The advent of technology is both a boon and a curse. A boon
because it has made diagnosis and treatment easy. A curse because
it has also made treatment expensive. Investment in expensive,
investigative and treatment technology is breeding high-pressure
salesmanship in its wake. Diagnostic centres adopt questionable
methods to entice doctors to send patients for investigations.
There is often a large grey area in medical practice where one
can justify sending the patient for a particular investigation.
For example, a person who has a headache can afford some tests.

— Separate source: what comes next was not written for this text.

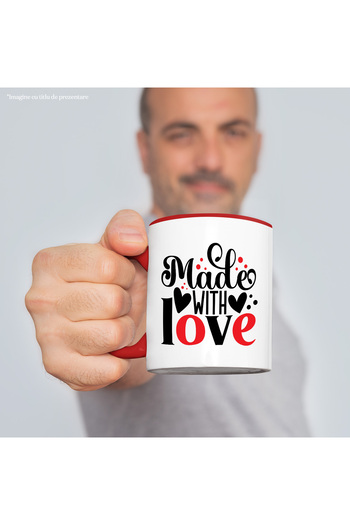 StoryGift Romania Mug with hearts and the text "Made with love" - ​​made with love, family affection, With ,STG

Careful history taking makes the doctor believe that it is most
likely to be a type of migraine. Of course he cannot be sure -
and never was in the last 20 years of his practice. He decides to
do a CT scan because the diagnostic centre which does this test
has given him a business proposition and the logic of the patient
unlikely to have brain tumour is offset by the remote possibility
of his having one. Logic defeats reason and the patient is sent
for a scan. A doctor who falls prey to such questionable methods
will, in the course of time, become a poor clinician - if he is
not already one - and stops thinking analytically when confronted
with a clinical problem.
Most illnesses need only clinical judgment and no investigations
at all in community practices. Even in specialty practices, a lot
of these tests can be avoided. It does not need a blood test to
diagnose anaemia, gastroenteritis, malnutrition, fungal infection
and respiratory infections. Others only need minimum cost-
effective tests like a chest X-ray, blood sugar and a sputum
study. It is thought fashionable these days is to do a lipid
profile. By this test one can determine whether the blood has
abnormal levels of fat components, a risk factor for heart and
blood vessel disease. Let us say you got these done when you are
30 and the results are normal. It is pointless and a waste of
money to repeat these each year if one's lifestyle remains the
same and the test results are likely to remain the same for the
next 10 years. It is more important for your doctor to check your
blood pressure every year.
Doctors must make it a point to rely as far as possible on their
clinical diagnostic skills. If they do require to investigate,
they should do so to the minimum possible extent. Too much
reliance on investigation and organ oriented practice leaves a
clinician susceptible to committing diagnostic blunders and more
importantly lead to a loss of analytical thinking so essential to
arrive at a diagnosis and treatment option.